▶ _INSTRUCTIONS FOR THE TASK_:
The copy you return should hold only the lines from the top of the data below through the line with "Hi and welcome", each duplicated exactly and with no pictures.

[Opening INFORMATION GIVEN section]

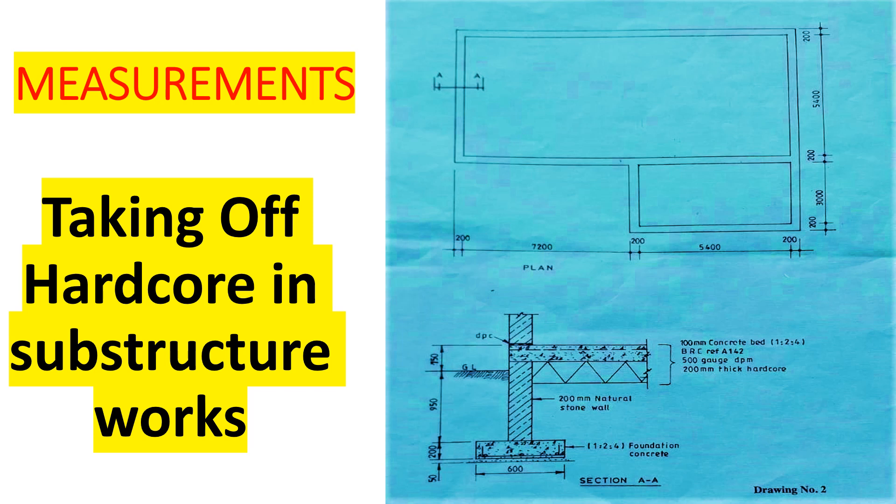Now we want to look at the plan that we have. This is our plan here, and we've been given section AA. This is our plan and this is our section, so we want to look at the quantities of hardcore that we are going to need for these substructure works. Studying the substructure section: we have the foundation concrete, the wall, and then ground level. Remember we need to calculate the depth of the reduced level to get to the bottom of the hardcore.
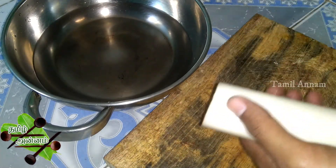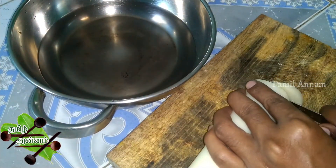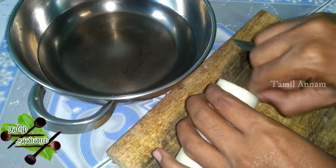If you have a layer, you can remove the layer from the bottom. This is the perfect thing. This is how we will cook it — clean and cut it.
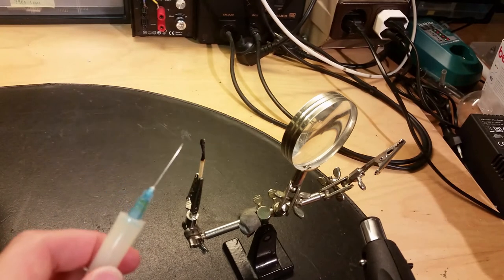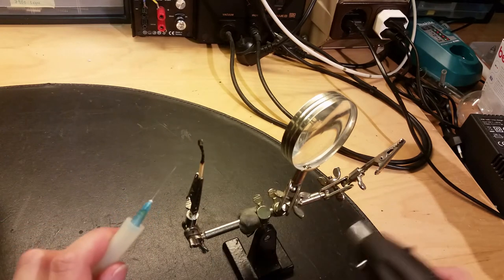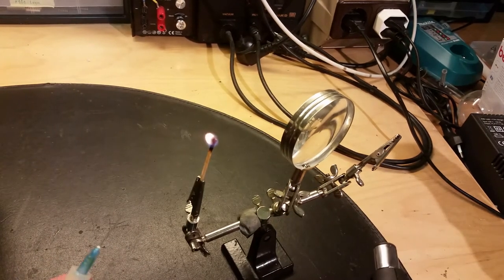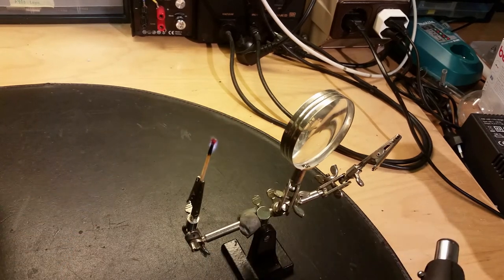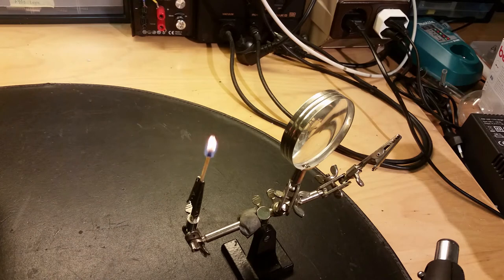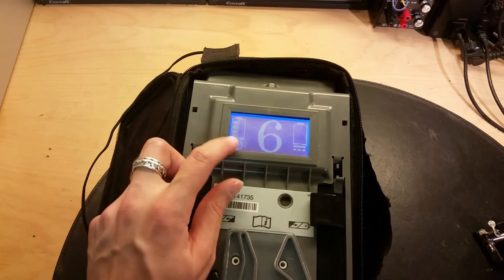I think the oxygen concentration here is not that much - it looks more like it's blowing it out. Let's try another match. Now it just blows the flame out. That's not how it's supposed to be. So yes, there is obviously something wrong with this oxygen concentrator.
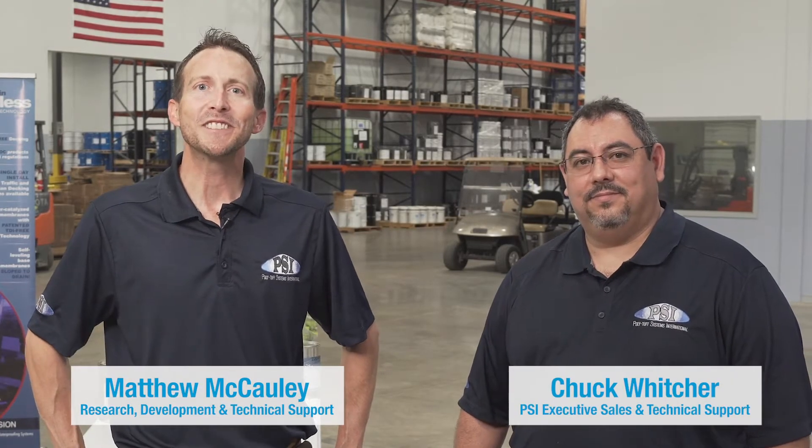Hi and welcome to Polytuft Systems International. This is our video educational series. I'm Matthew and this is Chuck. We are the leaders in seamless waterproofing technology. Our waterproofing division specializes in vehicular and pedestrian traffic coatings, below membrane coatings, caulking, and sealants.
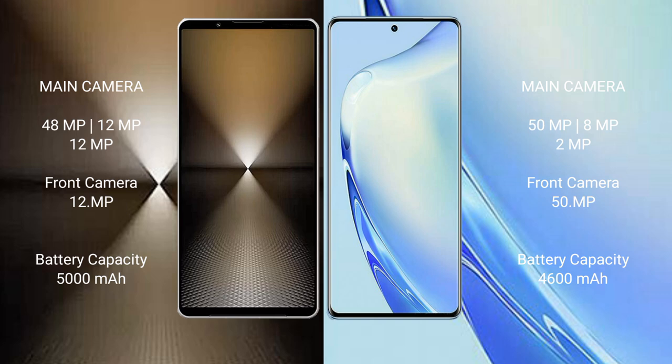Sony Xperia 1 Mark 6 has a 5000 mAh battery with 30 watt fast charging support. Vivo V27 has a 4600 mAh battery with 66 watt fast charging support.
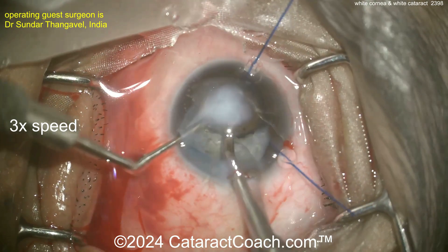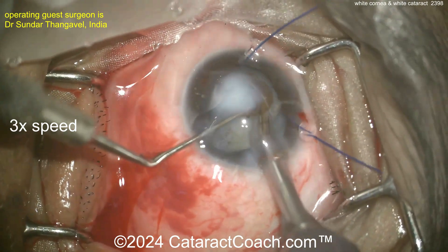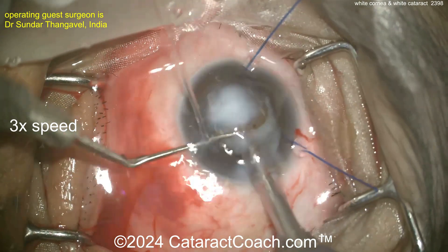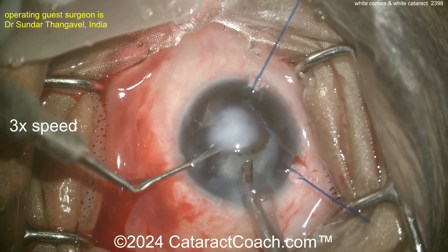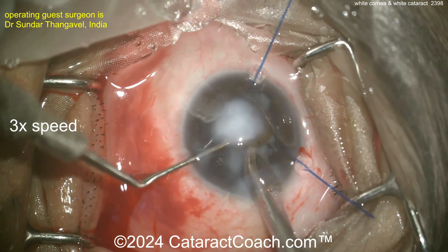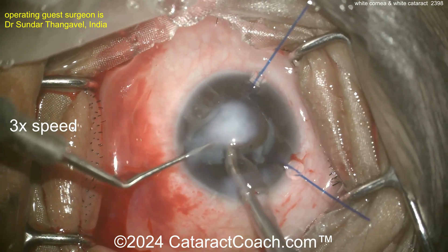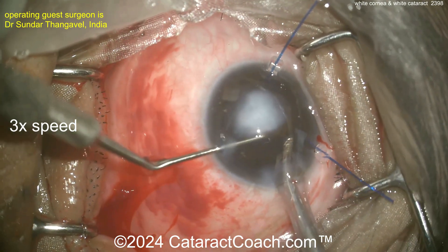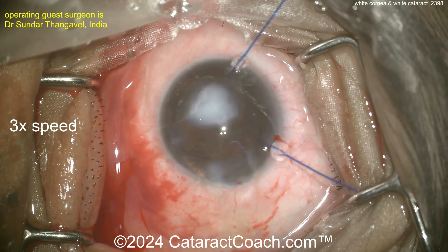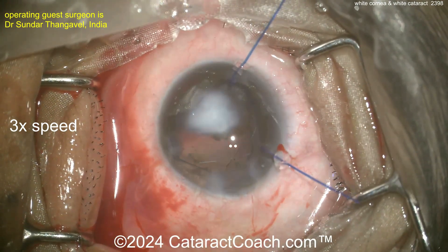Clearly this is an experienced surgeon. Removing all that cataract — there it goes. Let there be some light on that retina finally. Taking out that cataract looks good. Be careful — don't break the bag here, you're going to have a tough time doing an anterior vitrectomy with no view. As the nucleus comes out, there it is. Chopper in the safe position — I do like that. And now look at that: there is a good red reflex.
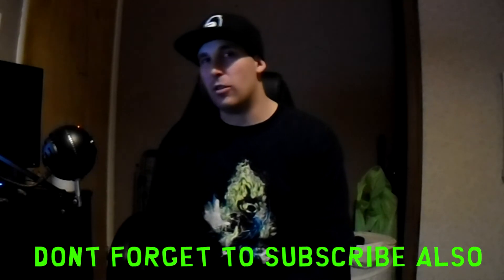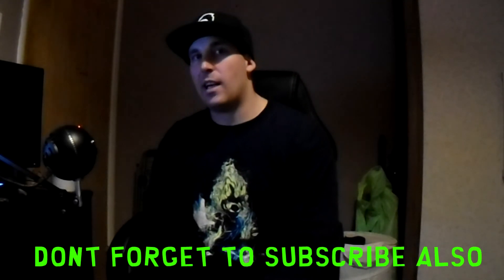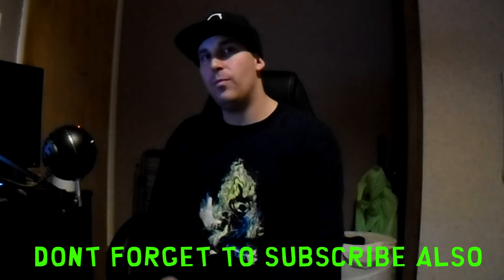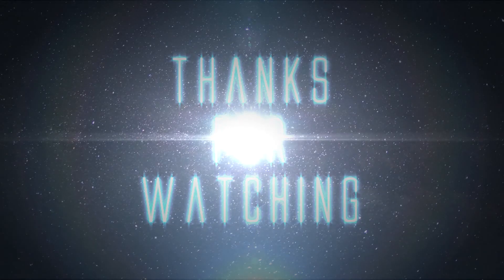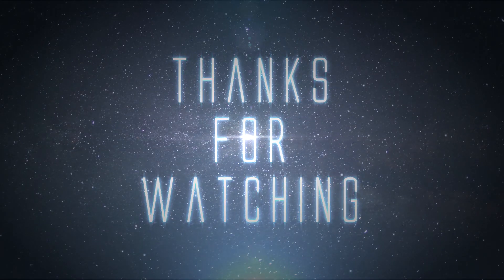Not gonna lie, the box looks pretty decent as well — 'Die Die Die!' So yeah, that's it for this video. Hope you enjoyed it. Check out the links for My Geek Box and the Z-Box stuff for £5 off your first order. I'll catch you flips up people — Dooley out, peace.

[Closing INFORMATION GIVEN section]

▶ _YOUR RESPONSE_:
Now we want to look at the plan that we have. This is our plan here, and we've been given section AA. This is our plan and this is our section, so we want to look at the quantities of hardcore that we are going to need for these substructure works. Studying the substructure section: we have the foundation concrete, the wall, and then ground level. Remember we need to calculate the depth of the reduced level to get to the bottom of the hardcore.
If you have a layer, you can remove the layer from the bottom. This is the perfect thing. This is how we will cook it — clean and cut it.
I think the oxygen concentration here is not that much - it looks more like it's blowing it out. Let's try another match. Now it just blows the flame out. That's not how it's supposed to be. So yes, there is obviously something wrong with this oxygen concentrator.
Hi and welcome to Polytuft Systems International. This is our video educational series. I'm Matthew and this is Chuck. We are the leaders in seamless waterproofing technology. Our waterproofing division specializes in vehicular and pedestrian traffic coatings, below membrane coatings, caulking, and sealants.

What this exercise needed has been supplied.